About this exercise ::
Please repeat exactly the lines from the one containing "organizational renewal" through the last line of the records below, leaving out any pictures.

[Captioned web image data]
=== Begin Enclosure ===

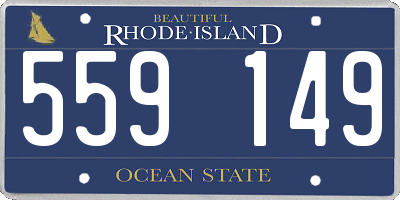 RI license plate 559149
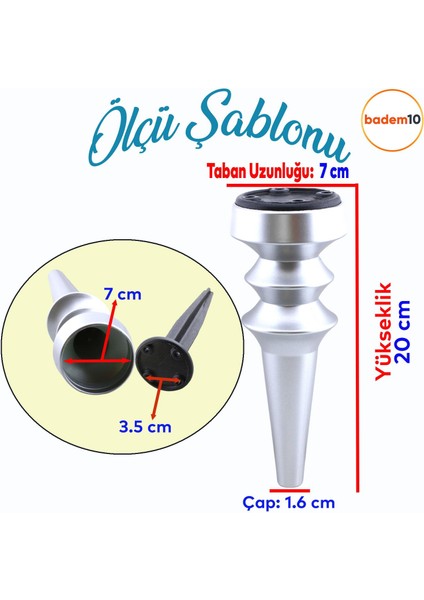 Oliva Mobilya Kanepe Koltuk Tv Ünitesi Baza Ayağı Zigon Orta Sehpası Ayak Ayakları 20 cm Mat Gümüş fiyatları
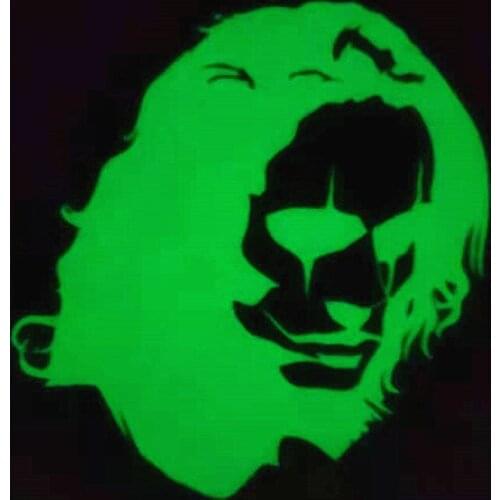 Patches Noctilucent Happy Man Stickers for Clothes Thermal Transfer Printing Pattern Decoration Fashion Style Luminous Patch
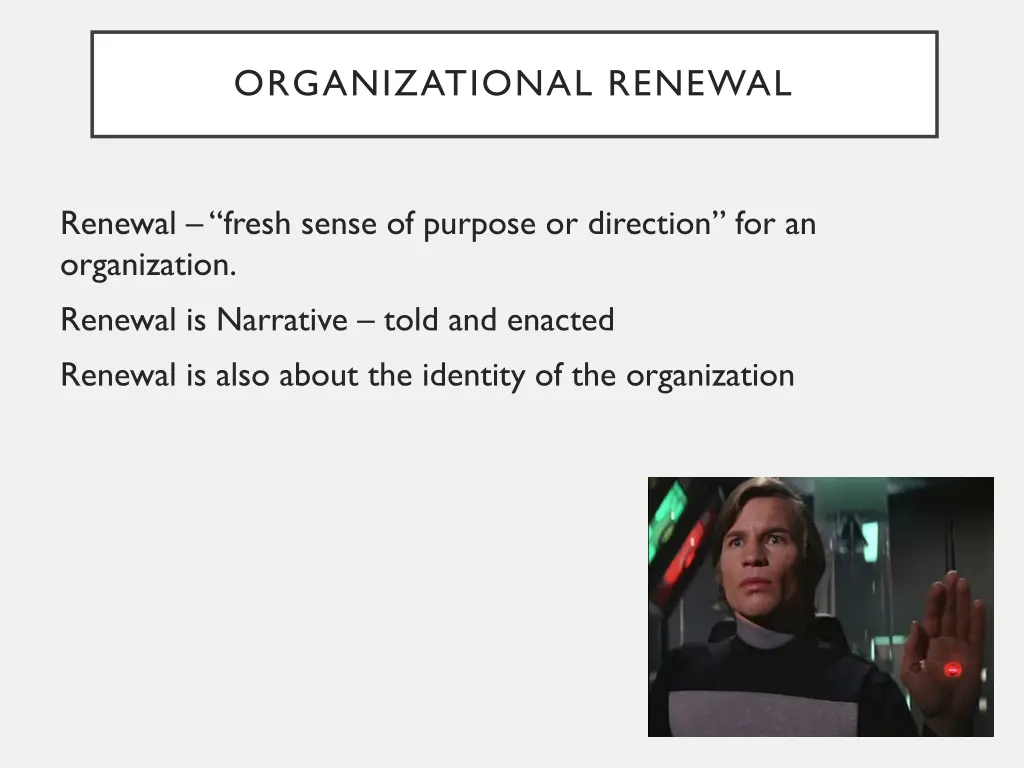 organizational renewal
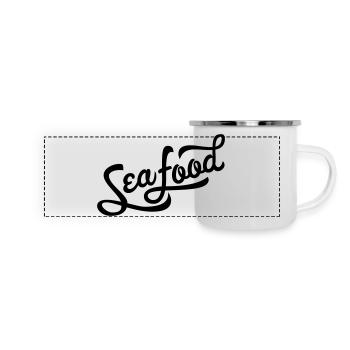 Fruits de mer - Mug panoramique émaillé - blanc - Devant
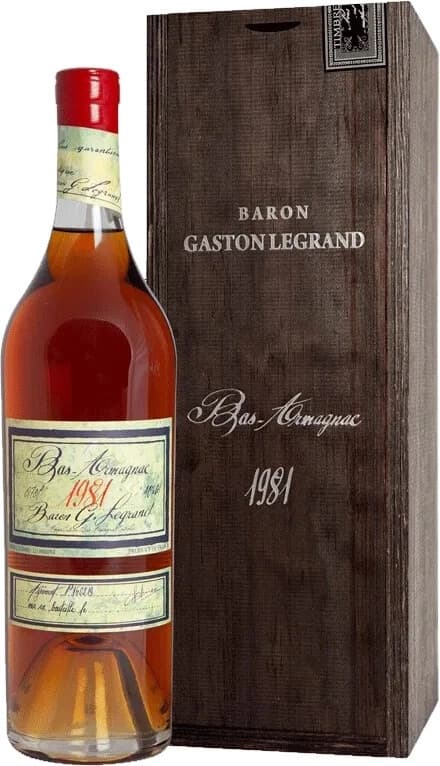Арманьяк Baron G. Legrand 1981 Bas Armagnac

=== End Enclosure ===

Exercise solution ::
 organizational renewal
 Fruits de mer - Mug panoramique émaillé - blanc - Devant
Арманьяк Baron G. Legrand 1981 Bas Armagnac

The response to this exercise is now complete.